After the 3 September 1843 Revolution, many of the Germans were sent back to Germany by the king out of concern for the Greek opposition, but the Lüth couple's position was not touched, because the queen's chaplain belonged to the private staff of the royal household and was not on state salary. Christiane Lüth wished to return to Denmark, but the queen did not wish to lose her chaplain and did not provide him with a reference, and they remained in Greece for several years longer.

===Later life===
In 1852, Lüth's spouse left his service and she returned with him to Germany, were they settled in Lübeck. When she was widowed in 1859, she returned to Denmark. In 1891, Christiane Lüth and her daughter Damaris and sister Hanne visited Greece again.

==Diary==
Her diary was published in Danish in 1906–1927. Her diary described the journey to Greece via Saxony, Vienna and Trieste, and the life at the Greek royal court primarily from 1839 until the 3 September 1843 Revolution, with shorter entries from September 1843 until April 1845. The published diary also includes the travel diary from Christiane Lüth's sister Hanne Fischer, describing the journey home from Greece in May 1852 to Denmark in August.

This was the period of the Germans' dominance of the Greek royal court. At this period of time, the independent Kingdom of Greece had only just been established after the liberation from the Ottoman Empire. She described the capital of Athens as more similar to a small merchant town than a capital, and the Old Royal Palace had not yet been finished. The king and queen were both foreigners from Germany, and the Royal court were with few exceptions composed by Germans courtiers, surrounded by a colony of Germans who had come to seek their fortune in the capital of the new nation. The Greek population had been isolated from contact with Western Europe for centuries and were surprised to see the Queen and the other Western European women do things such as riding and participating in balls and other leisure activities, which were normal in Western Europe but until then uncommon in Greece. This atmosphere is described in the diary.

The diary describe several both big and small historical events she attended, among them the inauguration of the Old Royal Palace (summer of 1843), the 3 September 1843 Revolution, the inauguration of the Greek Parliament "Sineleusis" in January 1844, king Otto's public oath to the constitution in the Parliament on 18 March 1844, and the first royal court ball held in the Royal Palace on 22 November 1844.

She wrote about small incidents, such as one during the inauguration of the Royal Palace:
 "In the summer Their Majesties moved in to the New Palace, which was now finally completed. A grand banquet was given there, and following it they escorted their guests around all of their rooms, which were very beautiful. When we entered the Queen's bedroom, one of the gentlemen, a Greek, stepped forward and punched a big fist in the mattress of her bed, creating a deep pit. This lack of decorum was however ignored, as were the many witty remarks which was said of the incident."

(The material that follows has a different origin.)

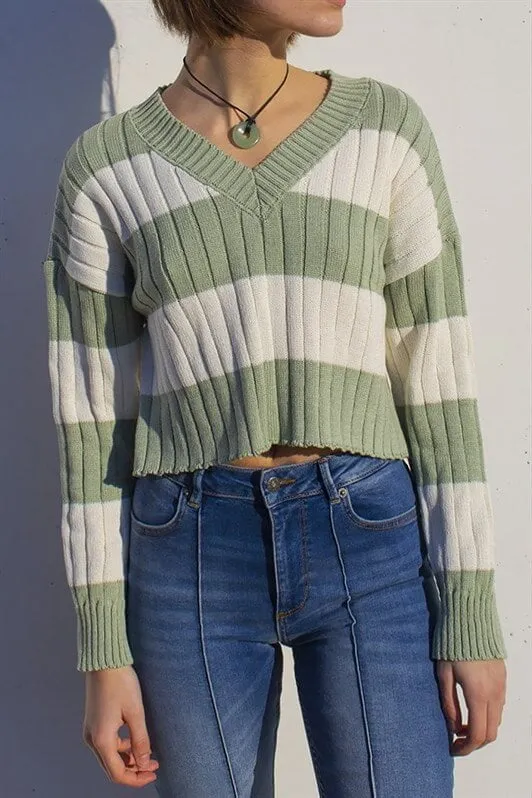 MDX Green V Neck Striped Crop Women's Sweater MG1441 - San Nicolás de los Garza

She wrote about the king's oath to the constitution 18 March 1844:
"The Queen arived first with her ladies, the took the back stairs and settled on the gallery colorful like tulips. The King arrived and seated on his throne under shouts and screams, made his oath and left with the Queen. In order to see better we climbed the chairs; because of that I lost my balance and fell upon a Palikar, who screamed as if the walls of Jericho was about to fall [...] We had almost lost our clothes before we came out, the crowd pressed so much and the military was not able to maintain the order."

Christiane Lüth describes a number of well known contemporaries at court and in the city, of whom the majority belonged to the Western European colony of Athens, but also prominent Greeks. Among the people she described in her diary were the king's physician doctor Rosen, Filippos Ioannou, Sophie de Marbois-Lebrun, Duchess of Plaisance and Theoklitos Farmakidis.